Task goal ▸
Leaving out the pictures, return word for word the stretch of entries below from the line holding "Изображение товара 1024917" through the line holding "Picture of STABILIZER ARM 7/8 PH X 31-9/1".

(Records from a data source)
- Opening Delimiter -

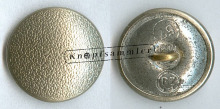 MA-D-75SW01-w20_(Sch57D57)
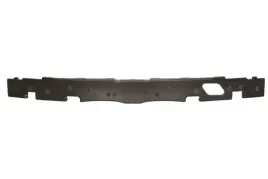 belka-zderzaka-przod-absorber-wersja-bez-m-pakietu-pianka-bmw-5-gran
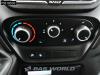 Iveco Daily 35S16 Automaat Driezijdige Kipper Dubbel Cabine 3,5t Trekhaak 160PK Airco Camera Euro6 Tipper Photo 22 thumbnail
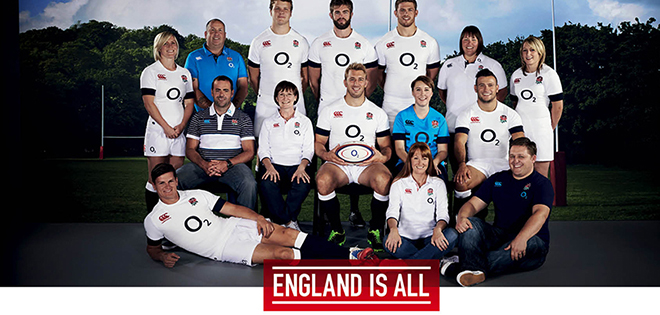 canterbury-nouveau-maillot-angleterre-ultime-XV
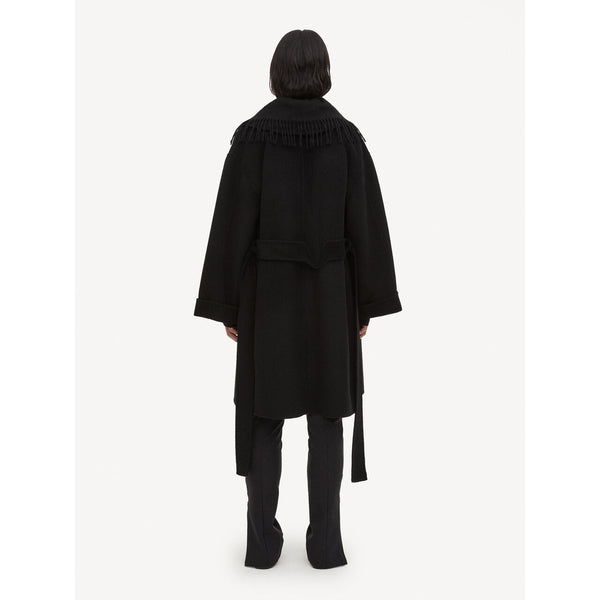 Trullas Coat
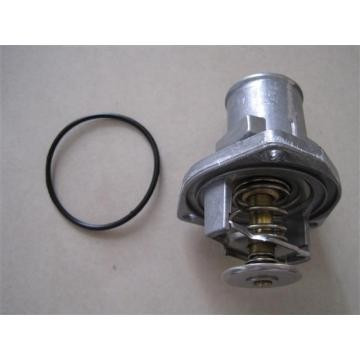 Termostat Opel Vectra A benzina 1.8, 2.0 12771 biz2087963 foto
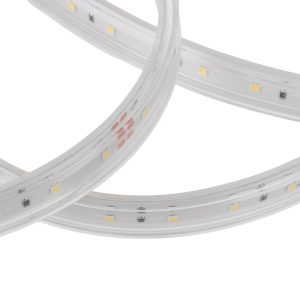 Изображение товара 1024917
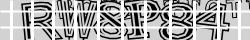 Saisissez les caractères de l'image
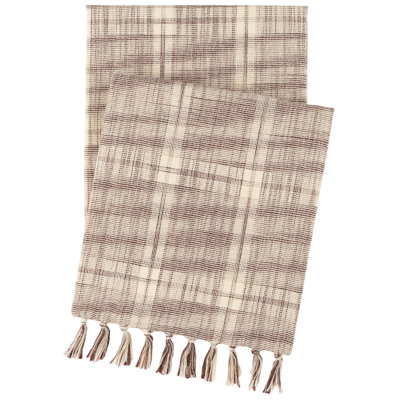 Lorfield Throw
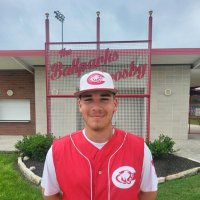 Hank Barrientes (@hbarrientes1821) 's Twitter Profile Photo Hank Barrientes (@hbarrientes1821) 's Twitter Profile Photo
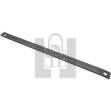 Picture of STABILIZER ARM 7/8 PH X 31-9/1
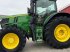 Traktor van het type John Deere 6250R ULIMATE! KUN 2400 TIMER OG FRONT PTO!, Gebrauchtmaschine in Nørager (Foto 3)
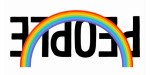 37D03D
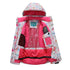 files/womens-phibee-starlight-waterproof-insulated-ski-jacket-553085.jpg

- Closing Delimiter -

Solution to the exercise ▸
 Изображение товара 1024917
 Saisissez les caractères de l'image
 Lorfield Throw
 Hank Barrientes (@hbarrientes1821) 's Twitter Profile Photo Hank Barrientes (@hbarrientes1821) 's Twitter Profile Photo
 Picture of STABILIZER ARM 7/8 PH X 31-9/1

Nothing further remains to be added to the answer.